Es probable que ese decreto y, más aún, su ocultamiento hayan formado parte de un clima de asfixia que potenció la protesta. Es curiosa esa retórica de la verdad mientras se dobla un papelito para mostrar solo la parte que conviene mostrar (como hizo el Presidente al explicar por TV el acuerdo por la deuda). El "papelito doblado" parecería una metáfora de una verdad manoseada y manipulada por el poder. No parece descabellado suponer que una desconfianza sobre las cifras, las curvas y las "filminas" también haya nutrido la angustia de muchos ciudadanos. En estos días nos hemos enterado de que la cantidad de muertes diarias que informa el Gobierno no corresponde a la realidad de cada día, sino al resultado arbitrario de una carga de datos que se hace mal y tarde. El "papelito oficial" parece mostrar, otra vez, una realidad incompleta y, por lo tanto, distorsionada.
Nos dicen que abrazar a un hijo, si no vive con nosotros, es una irresponsabilidad, pero el propio Presidente cuenta que abrazó a su ministro de Economía para celebrar el acuerdo con los bonistas. Es apenas una anécdota menor en una lista interminable de contradicciones, dobles mensajes, contrasentidos y absurdos que también han abonado un clima de sofocación.

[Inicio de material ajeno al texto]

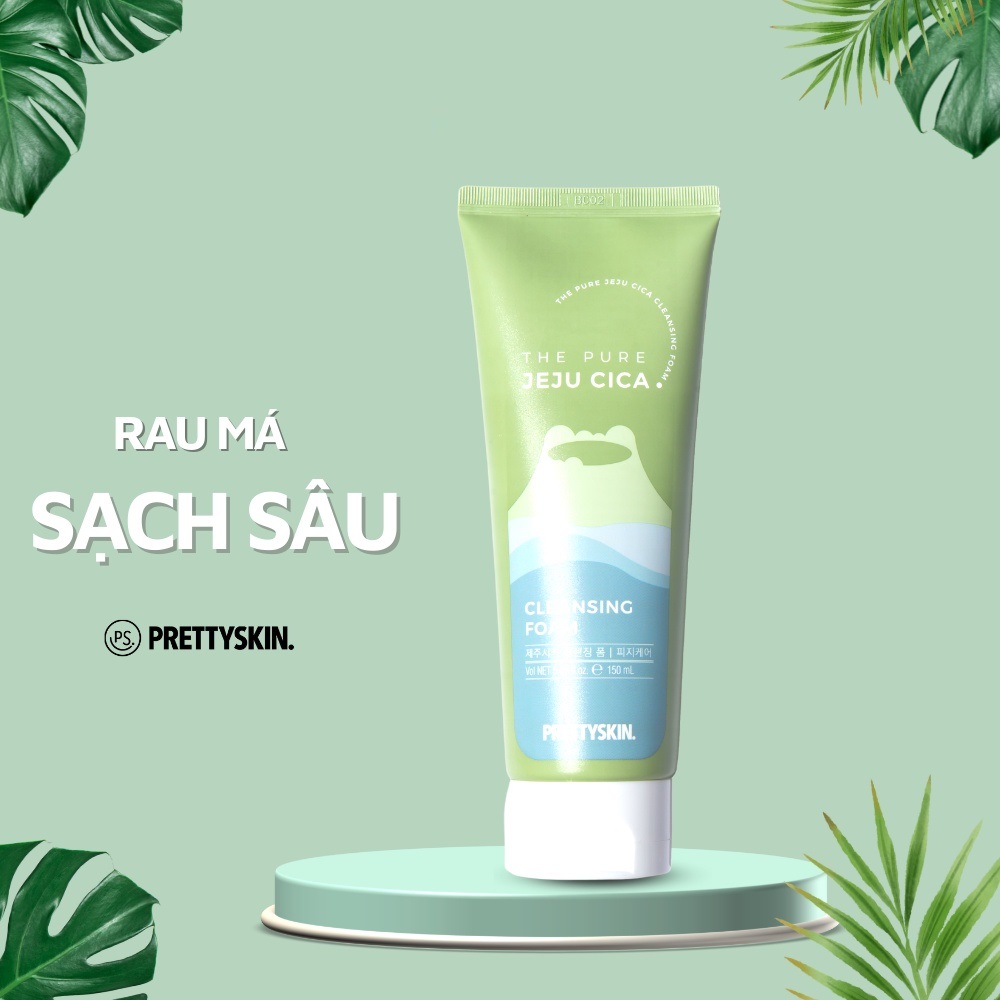 Sữa rửa mặt rau má Pretty Skin The Pure Jeju Cica Cleansing Foam 150ml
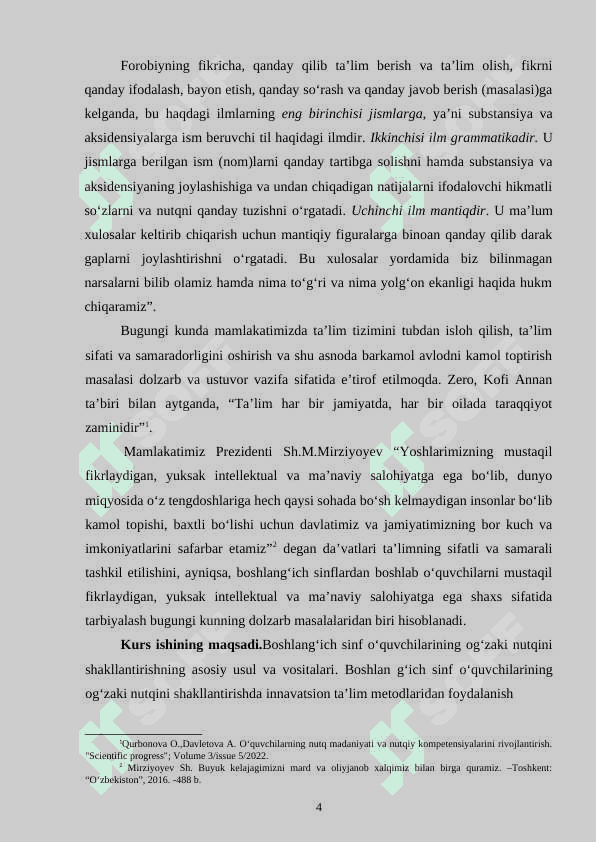 BOSHLANG'ICH SINF O'QUVCHILARINING OG'ZAKI NUTQINI O'STIRISH METODIKASI 4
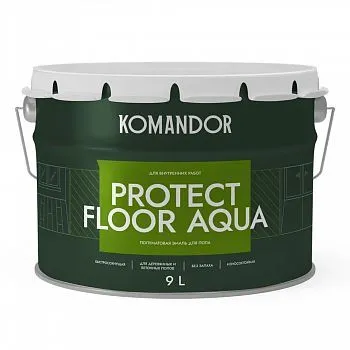 ЭМАЛЬ "PROTECT FLOOR AQUA" ДЛЯ ПОЛА БАЗА A 9 Л (1) "KOMANDOR"
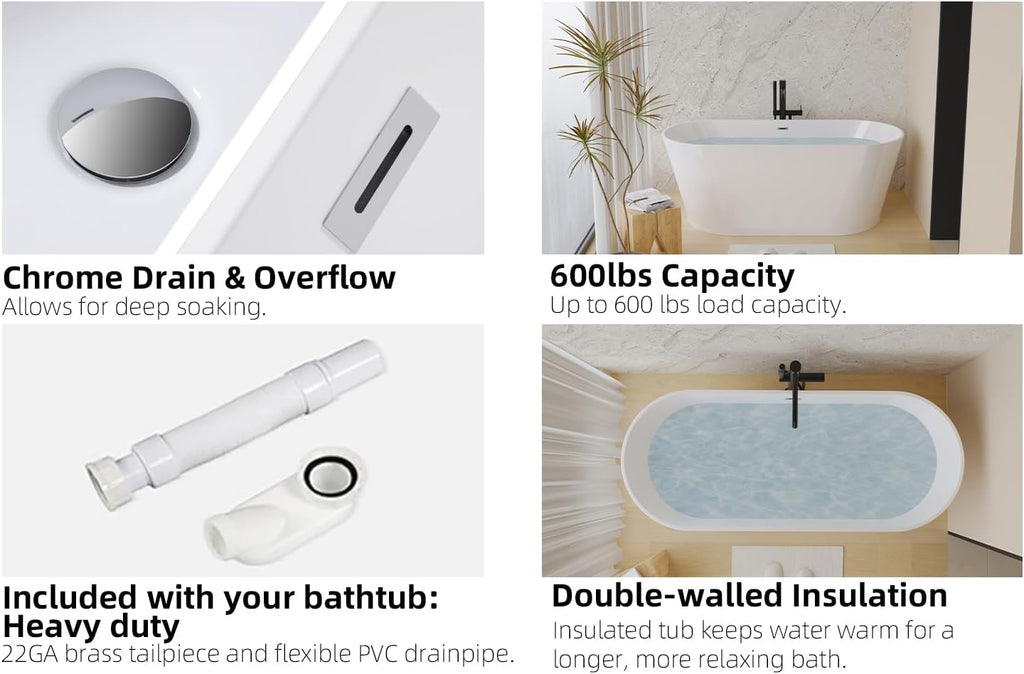 Zavdte 55' Freestanding Acrylic Bathtub, Gloss White Stand Alone Soaking Tub with Toe-tap Chrome Drain, Double-Wall Insulation, CUPC Certified, Easy Install & Spacious Design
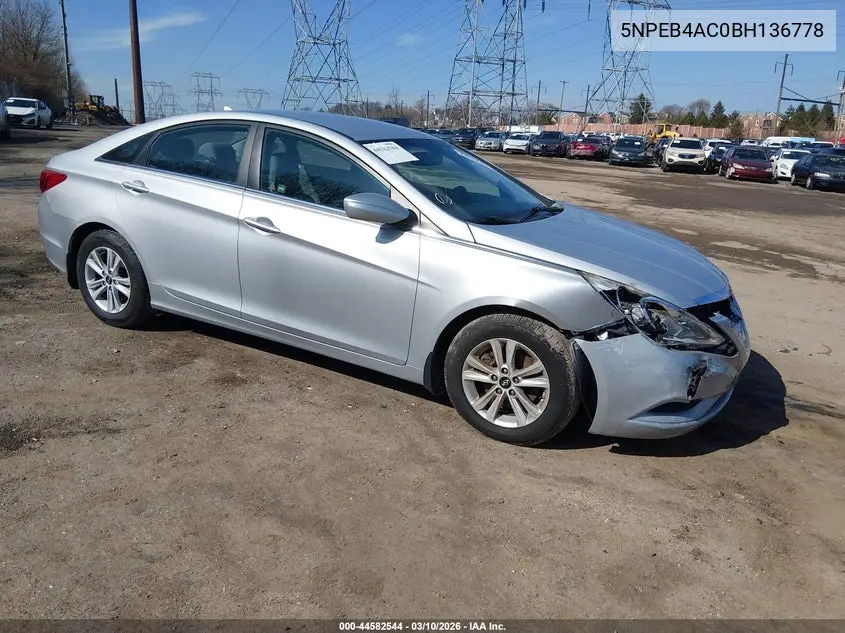 5NPEB4AC0BH136778 2011 Hyundai Sonata Gls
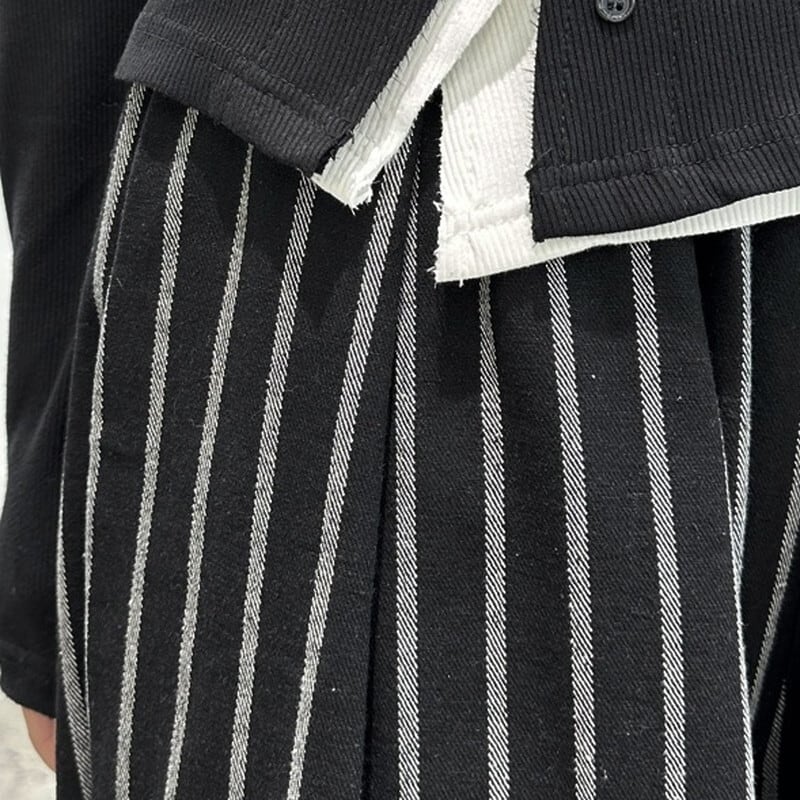 Stripe Balloon Roll-Up Pants【TR3213】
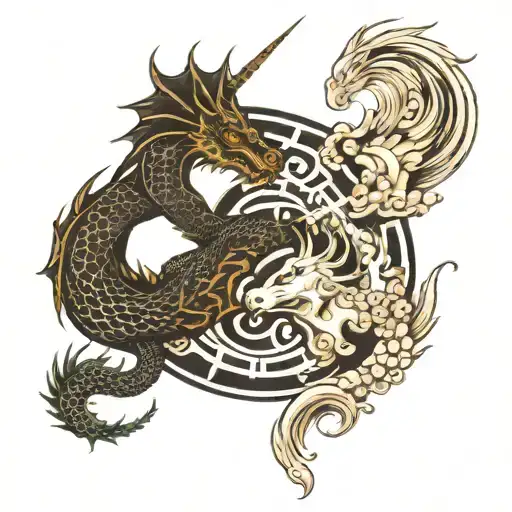 Black Dragon And White Unicorn Yin Yang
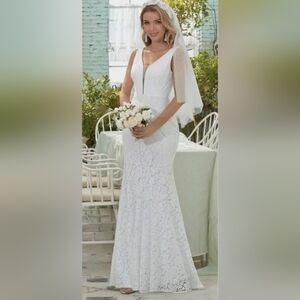 Ever Pretty White Halter Backless Bridal Gown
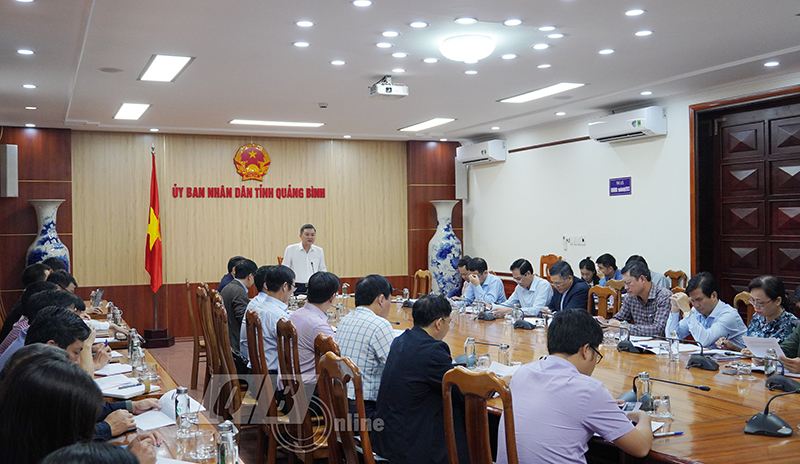 Đồng chí Phó Chủ tịch UBND tỉnh Phan Phong Phú phát biểu kết luận tại cuộc họp.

Todos nos esperanzamos, por supuesto, con los avances para una vacuna. Nos alegra que la Argentina sea, por el aporte privado, uno de los países de América Latina en los que sería producida. Pero faltan, en el mejor de los casos, varios meses. ¿Y mientras tanto? La pregunta echa más leña a la hoguera de la angustia.

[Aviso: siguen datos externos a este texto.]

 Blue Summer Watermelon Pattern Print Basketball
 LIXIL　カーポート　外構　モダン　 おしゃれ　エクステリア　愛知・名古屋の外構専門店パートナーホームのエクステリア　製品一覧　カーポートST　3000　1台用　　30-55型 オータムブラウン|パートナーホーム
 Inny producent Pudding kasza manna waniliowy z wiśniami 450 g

El ministro de Salud bonaerense nos dice que nos olvidemos de ir a la costa en el verano. Lo dice en ese tono de la incomprensión y el reproche, con el mismo tono con que se ha estigmatizado a los runners, con que se descalifica a golfistas, tenistas y remeros. Lo dice en un tono que alimenta el miedo, la zozobra y la incertidumbre. En la marcha, más allá de consignas políticas e institucionales, hubo algo de todo esto: el desahogo contra la incomprensión de una clase media que no se quiere morir, que no quiere contagiarse ni mucho menos contagiar a otros, que no es irresponsable ni indolente (como se la pretende estigmatizar desde el poder), que no se quiere ir a jugar al golf o a la playa mientras otros mueren a su lado. Es el grito de una clase media que quiere, en todo caso, que se confíe en su responsabilidad ciudadana, que se entienda su angustia, se valoren sus esfuerzos y se respete su libertad. Es la reacción de millones de personas que quieren debatir si este es el único camino, que no quieren que las manden a callar y obedecer y que se resisten a ser doblegadas por el miedo. Es el grito de una clase media que se niega a ser manipulada y no quiere convertirse en un rebaño. Es el grito de una ciudadanía que dice "acá estoy" y que les recuerda a los gobiernos y al Estado que ya es mayor de edad y sabe cuidarse sola.